Не скажу, чтоб я сделала тогда какие-то решающие выводы, нет, — но чувствовала: теперь иначе будет житься… Не знаю, как, только знаю — иначе. В наши теперешние дни действительно каждый пионер лучше разбирается в общественных вопросах, чем разбиралась в них тогда, например, я, вполне ведь уже взрослый человек. Во время этих ночных дежурств раненые, в бреду ли, во сне или же бессонные, но молчаливые, без слов ставили передо мной сложнейшие вопросы. Я была не в состоянии ответить строгому экзаменатору, но стала упорно думать над их разрешением. Больничные палаты стали для меня аудиторией, факультетом жизни.
Вся жизнь становилась напряженной. Предчувствовался какой-то перелом, неизбежность его…
А «Сверчок» продолжал делать аншлаги… Студийцы искренне, даже самозабвенно говорили о любви, о могущественном добре, которое само по себе побеждает зло… И, вероятно, те, кто так стремился на этот спектакль, хотели убаюкивающей лжи. Удобно верить, что жестокие фабриканты Тэкльтоны превращаются в добрых под влиянием простодушной четы Пирибинглей. Зрители хотели счастливых концов хотя бы на сцене, потому что не слишком надеялись на них в жизни.
Госпиталь… Умирает человек. Он — унтер-офицер: об этом свидетельствует его фуражка. Она на узенькой полочке над дверью палаты.

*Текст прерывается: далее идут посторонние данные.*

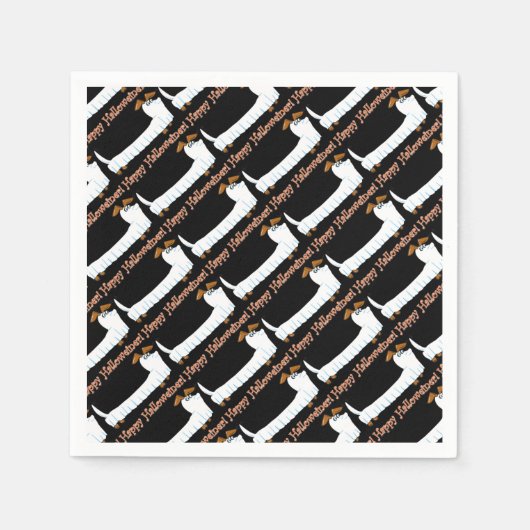 Happy-Halloweiner Serviette (Vorderseite)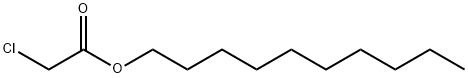 2-氯乙酸癸酯 结构式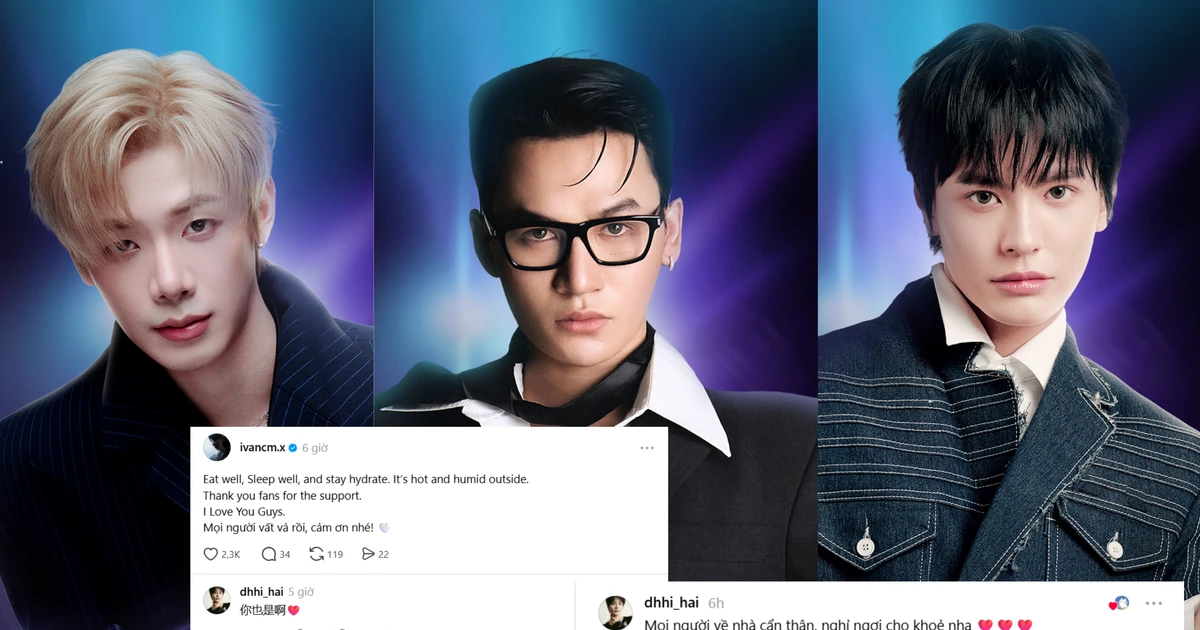 Đặng Hồng Hải, IVAN gửi lời cảm ơn fan sau ngày đầu ghi hình Tinh Hà "Say Hi"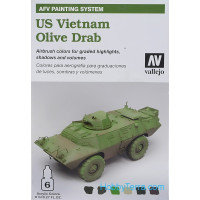 AFV US Vietnam olive drab set 6X8ML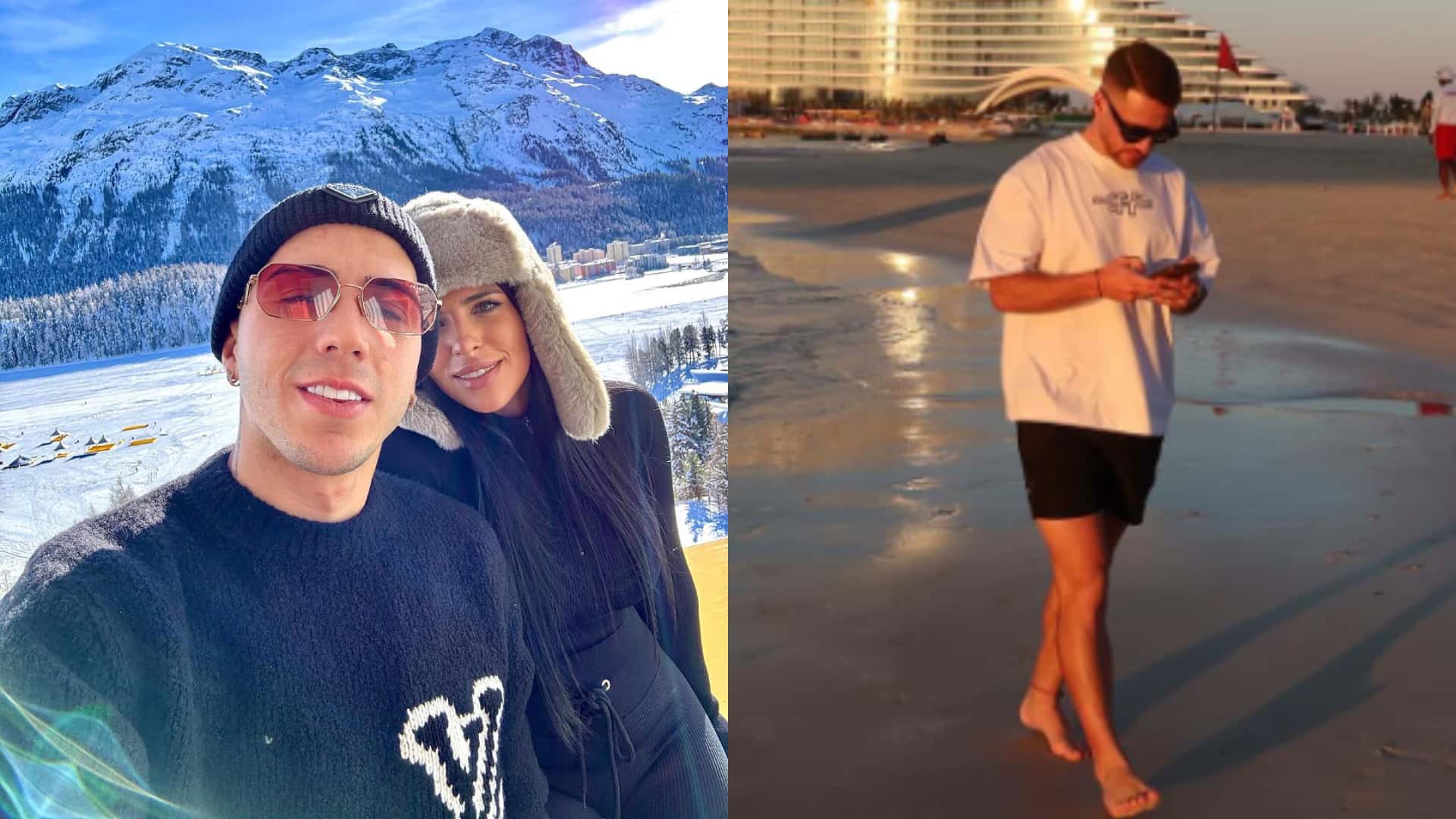 Enzo y Alexis disfrutan de unas mini vacaciones
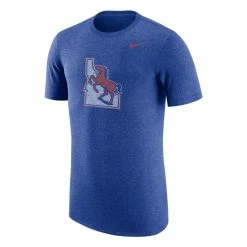 Nike Men's Heathered Royal Boise State Broncos Vintage Logo Tri-Blend T-Shirt -Colosseum Store DSCO1146364076 1350 ALT2
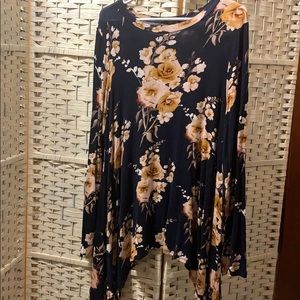 Floral tunic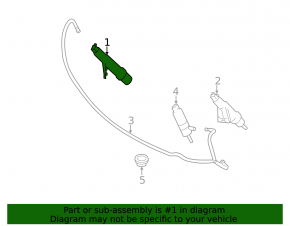 Right headlight washer nozzle for Mercedes R-class W251 06-13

Раненый смотрит на фуражку не моргая. Глаза его почти выходят из орбит. В таких случаях, знаю, не надо трогать человека. Но почему, не отрываясь, смотрит умирающий на фуражку? Движутся его губы… Наклоняюсь над ним.
«С кокардой!.. Ненавижу… Ненавижу…»
До войны я была устремлена только к театру. Идеалы свободы, правды, красоты и добра жили в моей душе, как абстракция. Я не знала, что свобода, правда, добро и красота достигаются только длительной и беспощадной борьбой между теми, кто хочет справедливости для всех трудящихся, и теми, кто все блага жизни желает захватить для очень и очень немногих, для якобы «избранных».

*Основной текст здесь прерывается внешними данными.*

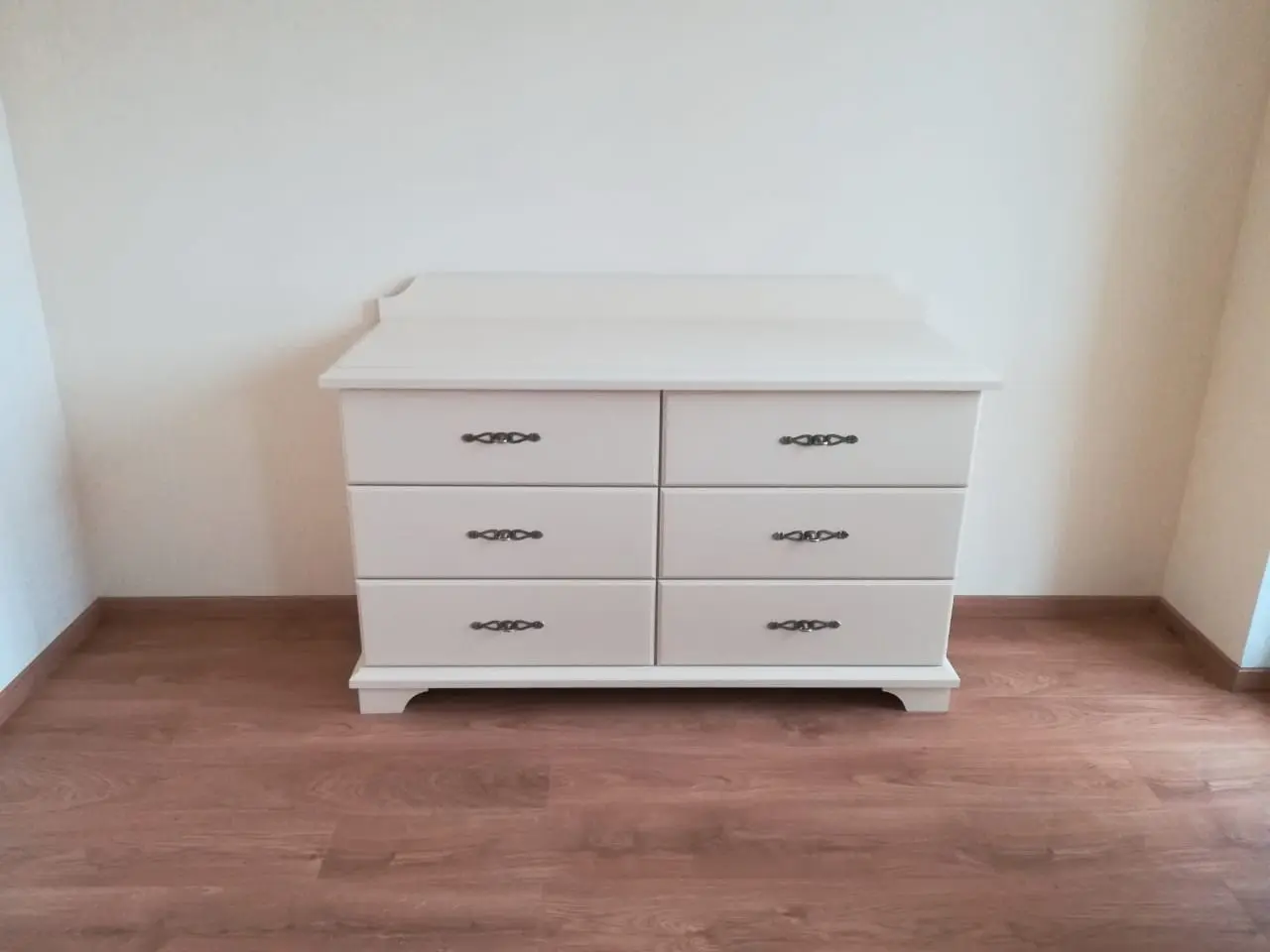 Комод белый 6 ящиков Брусно 2.11.01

Понимали ли мы, актеры Первой студии, чем были те годы для России?
Задумывались над этим, но редко и, потоптавшись мыслью у острых вопросов, отступали в знакомое, обжитое.
Была в студии большая канцелярская книга в картонном переплете: туда заносились предложения, записывались шутки, помещались карикатуры, изливались печали, личные и творческие. «Пестрой» была эта книга и по переплету и по содержанию. Сейчас от нее остался переплет и несколько разрозненных страниц. Случайно она очутилась у меня в руках. Я прочла в ней одну заметку, о которой или ничего не знала, или знала, но совсем забыла. Поместил ее в «Жалобную книгу» Александр Александрович Гейрот — талантливый актер, человек острой, но «порхающей» мысли.
Вот с чем обратился он к студийцам:
«Подумай о том, актер, что ты дашь, ты, который не сражался, не искалечен, — тем, которые за тебя, за твою свободу сражались и вернулись калеками?.. Кошмар — когда подумаешь — подумай (не шути, не язви, это глупо язвить), подумай — МХТ и мировая война. Должно явиться что-то в театре, в нашем творчестве такое (в исканиях хотя бы), что отразило бы эпоху. Или ты не переживаешь сейчас ничего, тогда ты — Корш — нет, хуже — “Максим” (кафешантан. — С. Б.), или ты благородный артист МХТ? Тогда приди в Студию с этим чувством — с этой мыслью.